The masterpiece? Not on first listen, but perhaps this is a slower burning album than Purple Rain or 1999. It's an iconic start, the synth drum hustle of the title track, a sound of Bambatta and street battles. Perhaps any double album is doomed to feel like hard work from the get-go. There is a lot to love in the well-known tracks - You Got the Look sounding well ahead of its time, while simultaneously challenging a kind of Van Halen on Thriller guitar style that sounds very, very eighties. Sheena Easton, Scotland's favourite, providing the uber-American vocals.
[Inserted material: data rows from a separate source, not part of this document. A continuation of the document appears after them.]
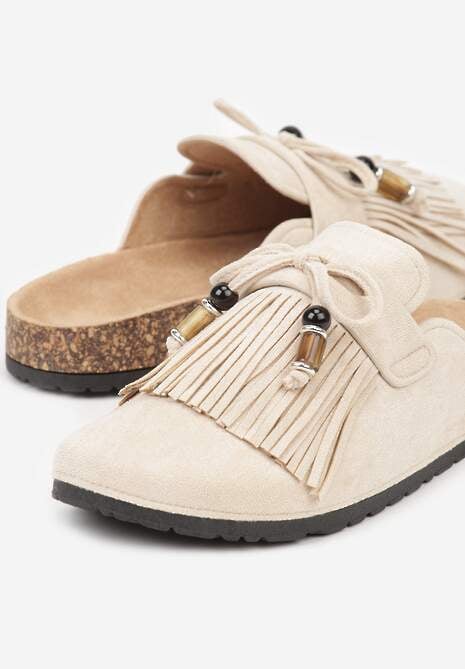 Beżowe Boho Klapki Mule z Imitacji Zamszu z Frędzlami i Koralikami Elwedila 7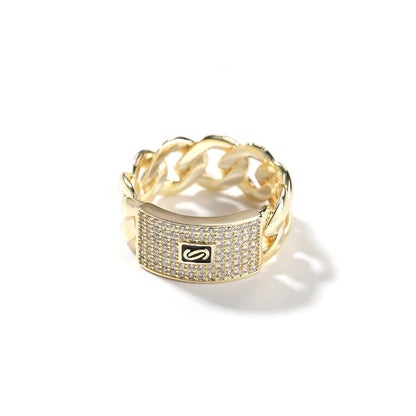 Pavé Link Ring — product and styling view 5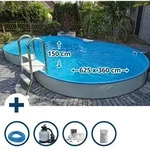 Stahlwandpool Set Achtform Cannes 625x360x150cm, Stahl 0,8mm Wei&szlig;, Folie 0,6mm Blau,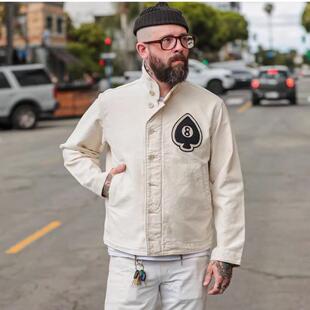 啊R Cotton Deck Jacket竖坑纹复古黑8刺绣甲板夹克外套24123101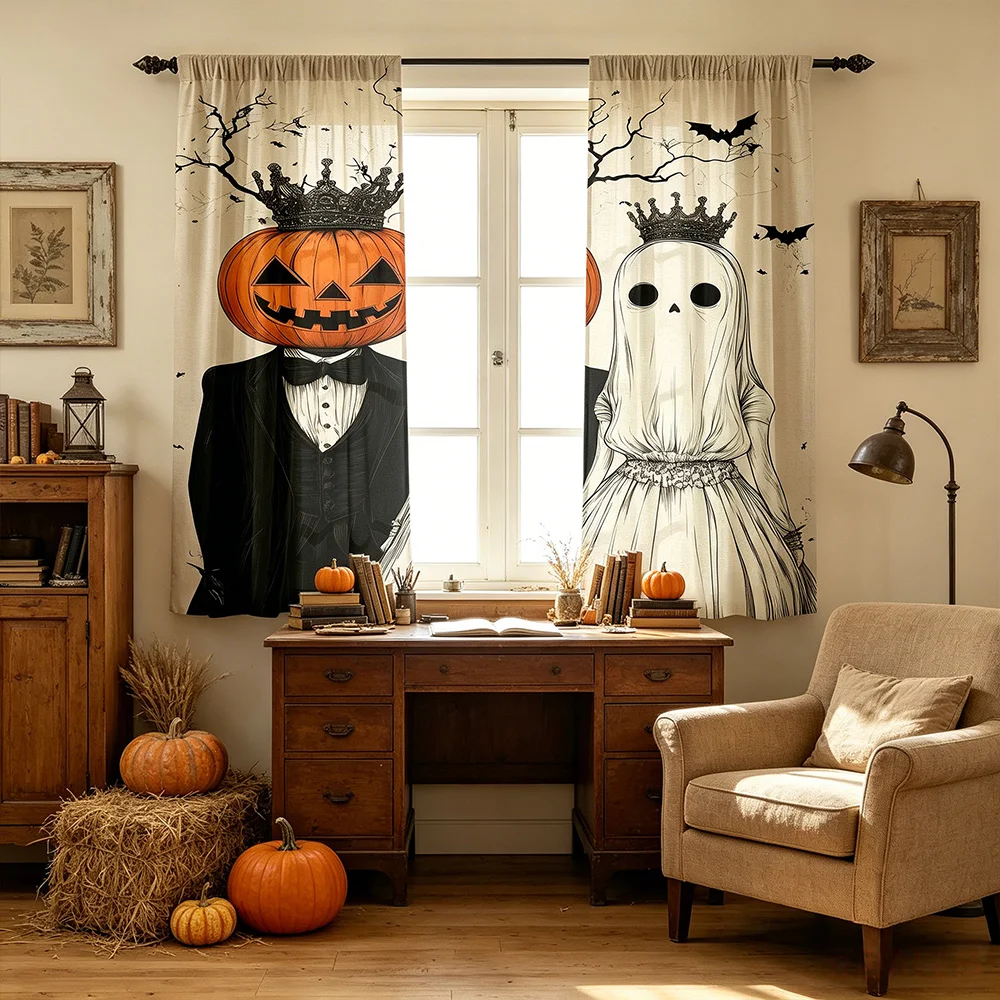 2PCS printed curtains, pumpkin head groom ghost bride crown bat dead branch pattern, retro Halloween wedding style
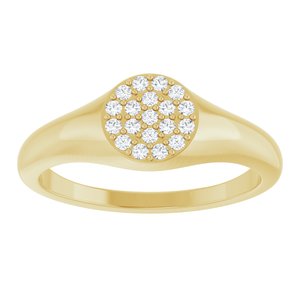 14K Yellow Gold Round 1.2 Mm 1/8 Ctw Natural Diamond Pave Signet Ring Size 7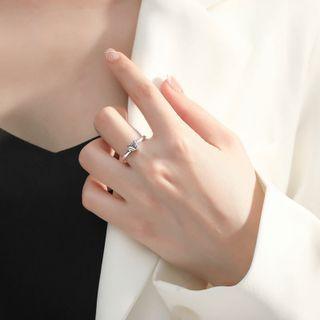 Heart Rhinestone Open Ring Silver - Size No. 13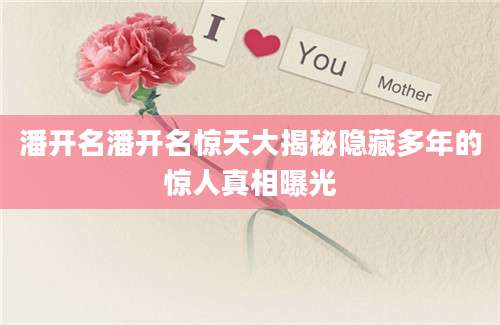 潘开名潘开名惊天大揭秘隐藏多年的惊人真相曝光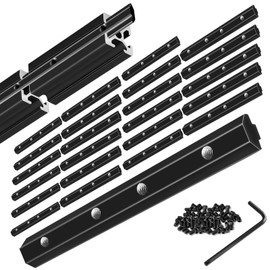 iMetrx 24pcs 2020 Staight Connector Corner Bracket Joint Plate 2020 Hardware T-Slotted Accessories V-Slot with Screws for 2020 Aluminium Profile 3D Printer Accessories Black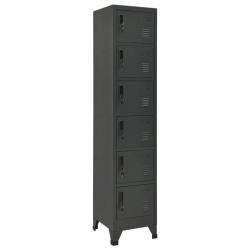 Armoire &agrave; casiers moderne avec 6 portes verrouillables 38 x 40 x 180 cm en acier anthracite 02_0047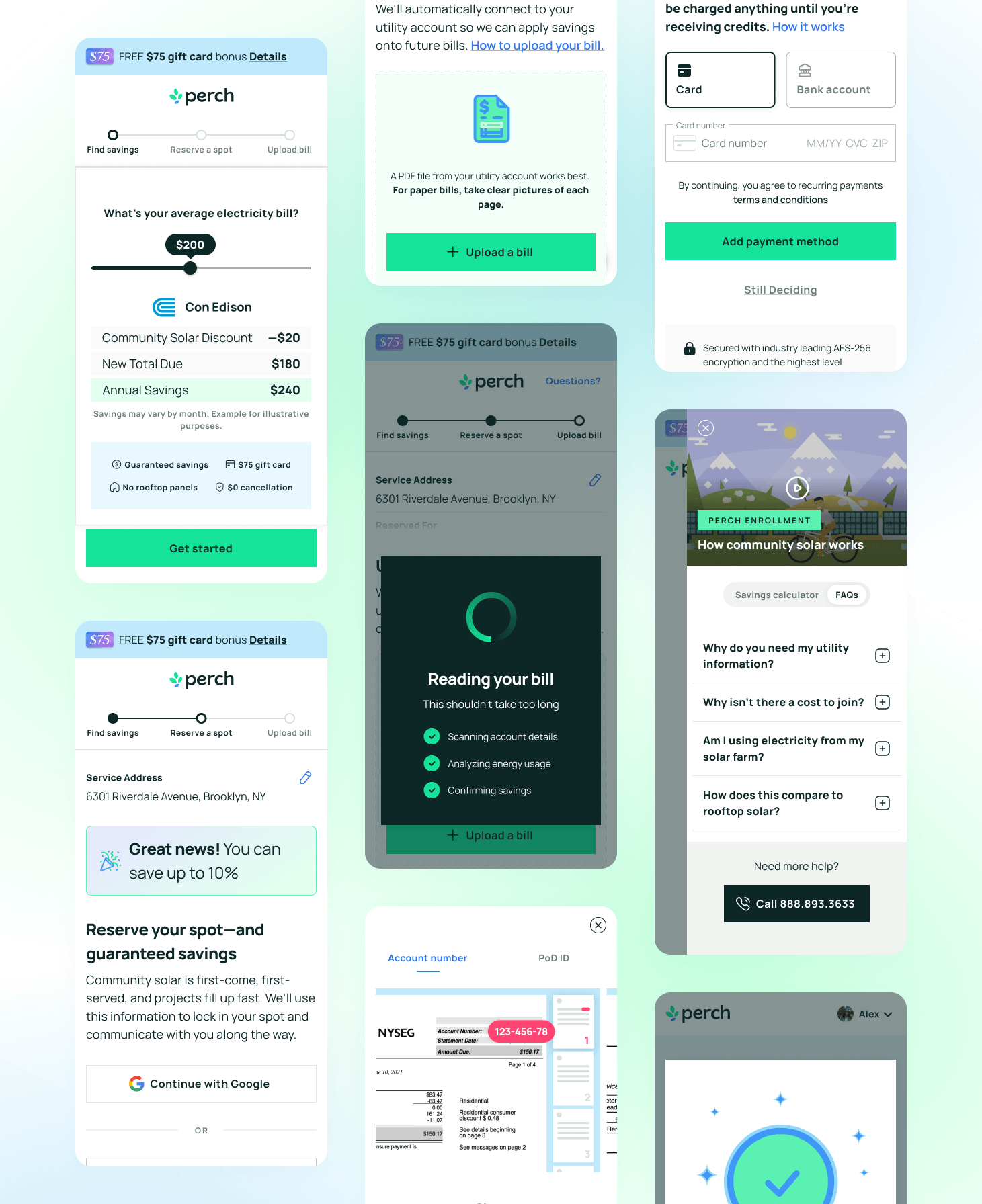 Image of Perch Enrollment Screens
It's undoubtedly ambitious, there's no doubt about it, and perhaps it's that sense that there's something for everyone that makes it special. I dunno. Maybe it feels like he's trying too hard? All the 5/5s seem to talk about "breathtaking scope" and all of that, but is it enough to make you actually want to listen to it again and again?

If Purple Rain is the heavyweight vinyl, Around the World in a Day is the thrift-store find, then maybe this one is the CD in the car. Maybe it needs an epic landscape, a cross-country road trip, to make sense of it all. I have to confess, at times I find this a bit self-indulgent.

I Could Never Take the Place of Your Man. That's a solid gold track though. I think pop is the shade of purple I prefer with Prince, no surprise there though. Hang on, now The Cross has come on. This is a very different vibe... maybe I need to give this another chance...

Some things are the work of a lifetime, not an hour.